Because the population of successful people is stalling. Most all of them now have two or less children. But poor people in poor countries are rarely stopping at two.
Fond as I am of Dylan, Eddie Gordetsky was the real genius behind Theme Time Radio. He produced the shows and provided 90% of the vintage recordings.
That is so last week, Dwight.
Everyone else figured out that there was no philosophy in the book before you even finished reading it.
"He suggests that...Rosemary Clooney’s “Come On-a My House” is about a pedophile mass murderer."
My mom used to sing that song when I was a kid. There goes another childhood memory...
I refuse to read criticism from someone who conceives of and doesn't immediately delete, "These riffs, which he flicks like tarot cards through a distant cactus..."
Thanks for posting the list.
Since I have never heard or heard of many of the songs, and some of the artists listed, I think I'll stay ignorant.
If Sting had put his heart and soul into writing an anti-stalking song, it probably wouldn't have been as good or had as much appeal. I suspect there was some ambivalence in him and listeners picked up on what they wanted to hear. Now he gets angry when people think it's a love song, but when he wrote it his frame of mind might have been more romantic than he wants to admit now. One story is that it's only after he'd written much of the song that he looked at the lyrics and saw how creepy they were. Listeners and readers have a way of finding all kinds of things in songs and stories and reinterpreting them according to their mood at the moment. So do creators.

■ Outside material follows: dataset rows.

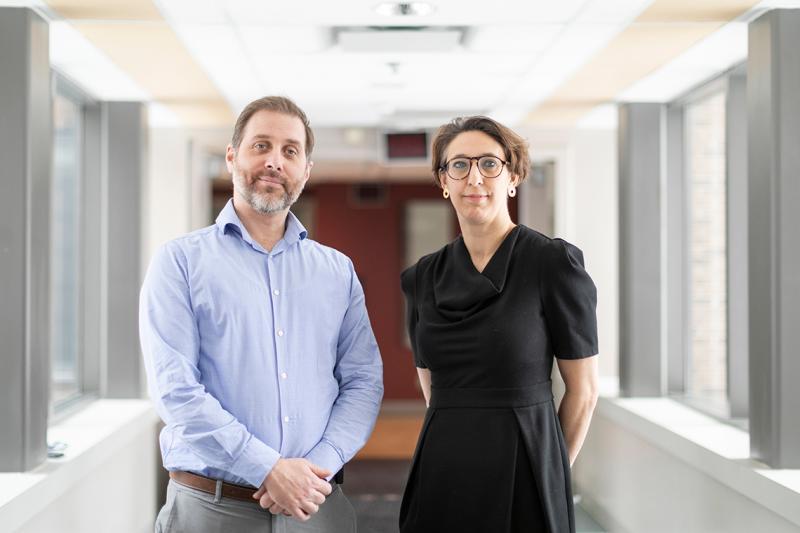 Robert Kozak and Samira Mubareka stand in a sunny hallway.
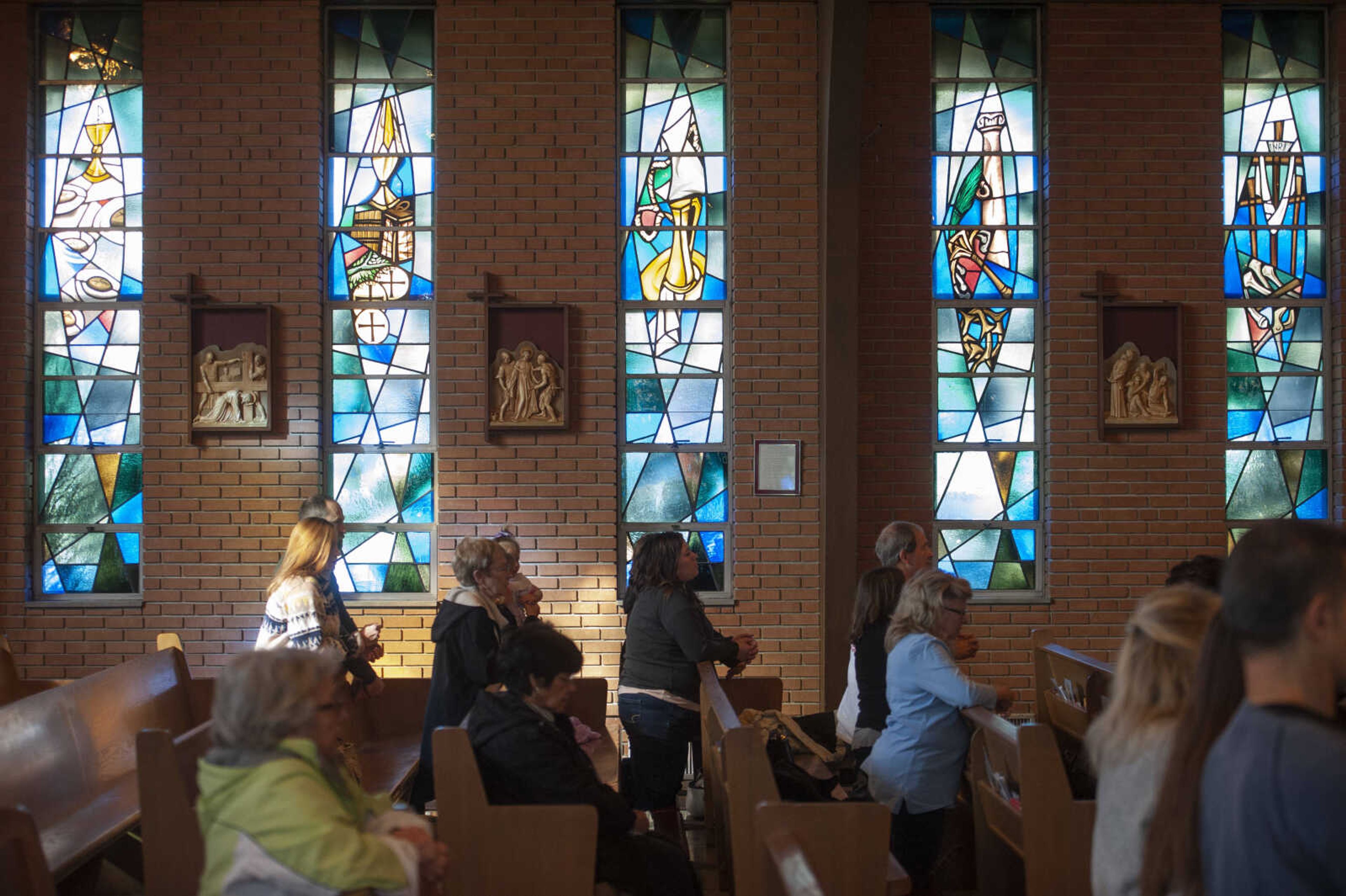 People take part in a group Rosary prayer before the march portion of a March for Life on Saturday, Jan. 18, 2020, at Immaculate Conception Catholic Church in Jackson.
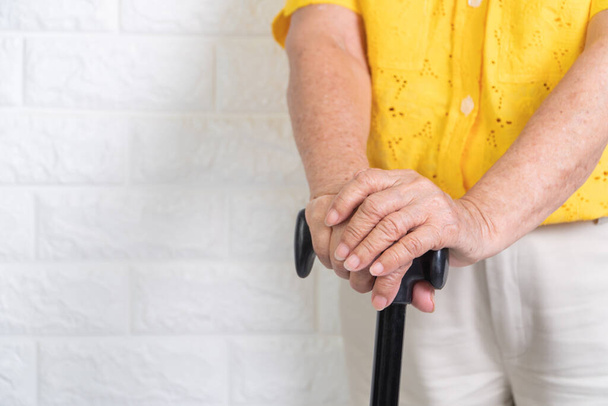 Ασιάτισσα ηλικιωμένη που κρατάει μπαστούνι σε απομονωμένο φόντο. Η έννοια της γηράσκουσας κοινωνίας που χρειάζεται χρόνο και εγγόνια για να επιστρέψει στη φροντίδα της υγείας - Φωτογραφία, εικόνα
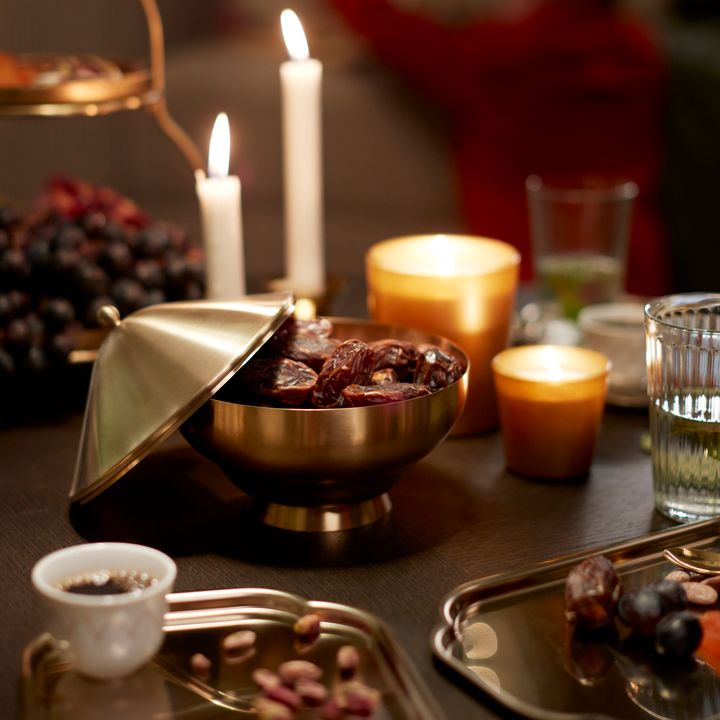 En%20elegant%20dukning%20med%20t%E4nda%20ljus%2C%20en%20sk%E5l%20med%20dadlar%20och%20olika%20sm%E5%20tilltugg%20p%E5%20ett%20bord.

"Come On-a My House" is a song performed by Rosemary Clooney and originally released in 1951. It was written by Ross Bagdasarian and his cousin, Armenian-American Pulitzer Prize-winning author William Saroyan, while driving across New Mexico in the summer of 1939. The melody is based on an Armenian folk song. The lyrics reference traditional Armenian customs of inviting over relatives and friends and providing them with a generously overflowing table of fruits, nuts, seeds, and other foods.
...
Bagdasarian, as David Seville, went on to much fame with his Chipmunks recordings.
Ann, interesting comment about listening vs reading the book. I'd not thought of that but I think you are probably right.
Now I'm going to have to listen to the audio sample.
Shakespeare is like that for me. Deadly dull to read but I always enjoy live performances.
I've been told the trick is to read him out lod but I've never been motivated to
John stop fascism vote republican Henry
Flicking Tarot cards at a distant cactus. TS Eliot as Harry Potter.
I get Garner.
Sorry. Sorry.
"There are more things in heaven and earth, Horatio, than are dreamt of in your philosophy."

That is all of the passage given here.